- Venue
- Parasol Unit
- Location
- London
Inside Parasol Unit the world is slowed down. At moments time feels suspended. Trapped within it’s own loop. Or sometimes running at real speed, albeit in it’s own uncanny existence. We move throughout the exhibition’s dark and light spaces, experiencing the extremes of multi-media installation, from submersion into the pitch-black installation space, to soft white-carpeted rooms with lush semi-translucent screens, projection beams imitating sunlight across the room. Balanced between photography and film Claerbout’s works playfully explore these digital mediums and the crossover between the two.
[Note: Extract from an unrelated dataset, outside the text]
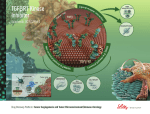 TGFβR1 Kinase Inhibitor - Lilly Oncology Pipeline USA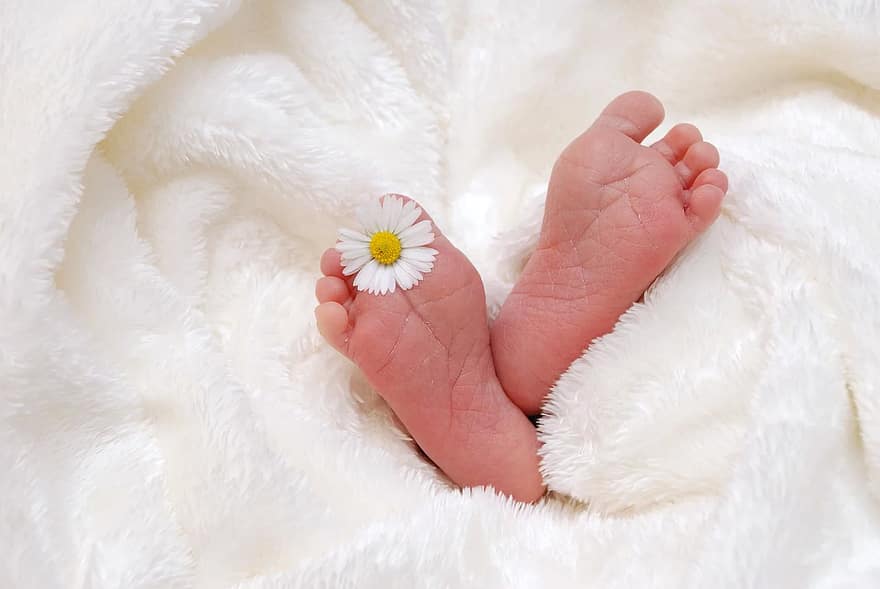 baby, birth, child, soft, newborn, born, feet, infant, lucky soul, luck, charming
Perceptions of reality and illusion collide as cinematic space and time is deconstructed and reconstructed throughout.
One of the first works we encounter in the exhibition is ‘Orchestra’, a large-scale photographic light box piece. Located alone in a dark cinematic space, the piece only becomes apparent once the viewer steps well into the daunting pitch-black room. Eyes adjusting to the darkness, the image suddenly emerges. Within, the ‘Orchestra’s’ conductor and entire audience stare back into the room, hundreds of pairs of eyes fixed upon the unsuspecting viewer. Shrouded in an eerie stillness, a theatrical silence, this all-important encounter between work and audience is at the heart of the installation where the roles of viewer and subject are reversed.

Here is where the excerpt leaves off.